Мы не замечаем этой мнимости в развернутом сюжете мифа. Мы никогда не задаем себе даже вопроса, реальна ли эта иллюзия или мнима, ибо миф оперирует подобными иллюзорными образами и актами так, как будто эти образы и акты вполне реальны и естественны, снимая своей своеобразной, якобы алогической, логикой всякий гносеологический подход к его чудесным явлениям.
Но в логике чудесного есть и свои особые категории — категории мира вне времени (но во времени), вне пространства (но в пространстве), вне естественной причинности (внутри цепи причинности). Однако эти чудесные явления подчинены своей необходимости и своим законам. Это мир возможности невозможного, исполнения неисполнимого [36], осуществления неосуществимого, где основание и следствие связаны только одним законом — абсолютной свободой желания или творческой воли, которая является в нем необходимостью.
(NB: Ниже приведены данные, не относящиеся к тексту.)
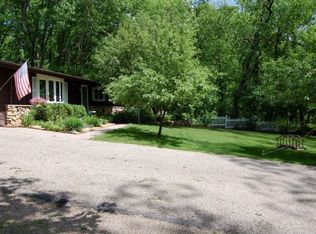 E1042 Emmons Creek Rd, Waupaca, WI 54981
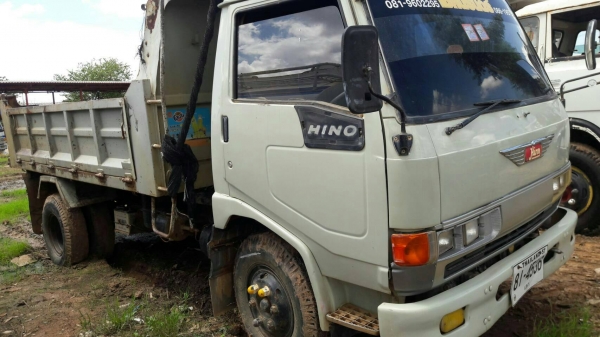 หกล้อ ฮีโน  FB2W120ปี39ซุปเปอร์เสีย ดั้มสามมิต5คิว สภาพดีสวยเดิมๆพร้อมใช้งาน ทะเบียรพร้มโอน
Мы увидим, что в аспекте формальной логики здравого смысла здесь все основывается на error fundamentalis, т. е. на первичном заблуждении (πρωτον φενδος), на некоем основоположном скрытом ложном допущении. Но в аспекте логики чудесного это proton psevdos, это основоположное заблуждение, есть основоположная аксиома:
Тело барана рассечено Медеей на множество частей, сварено в котле с волшебным зельем, и все-таки баран выходит из этого котла целым, невридимым и юным. В силу чего это произошло? — В силу волшебства: т. е. налицо мнимая иллюзия. Первичное заблуждение, скрытое ложное допущение как секрет волшебства есть аксиома чудесного.
Старцу Иолаю надо догнать убегающего Эврисфея, гонителя Геракла, чтобы воздать ему за всё зло, причиненное Еврисфеем Гераклу и Гераклидам. Иолай умоляет Зевса вернуть ему на один день, на этот краткий миг былую мощь и юность (мотив из библейского мифа о Самсоне) — и Зевс выполняет его желание. Мгновенно Иолай становится юным богатырем, догоняет Эврисфея и берет его в плен. Вопрос: каким образом Иолай мгновенно помолодел, для его чудесного превращения снят?
Овидий в «Метаморфозах» описывает с натуралистической детализацией момент превращения человеческого тела в птицу, в змею, в цветок, в дерево… Приемы описания такого превращения, т. е. метод — всегда один и тот же. Но этот процесс метаморфозы есть описательное «как», а не объяснительное «как». Объяснения нет. Так хотели боги или Мойра — судьба, т. е. абсолютная творческая воля или сила желания. Законы природы якобы сняты. Есть только закон желания.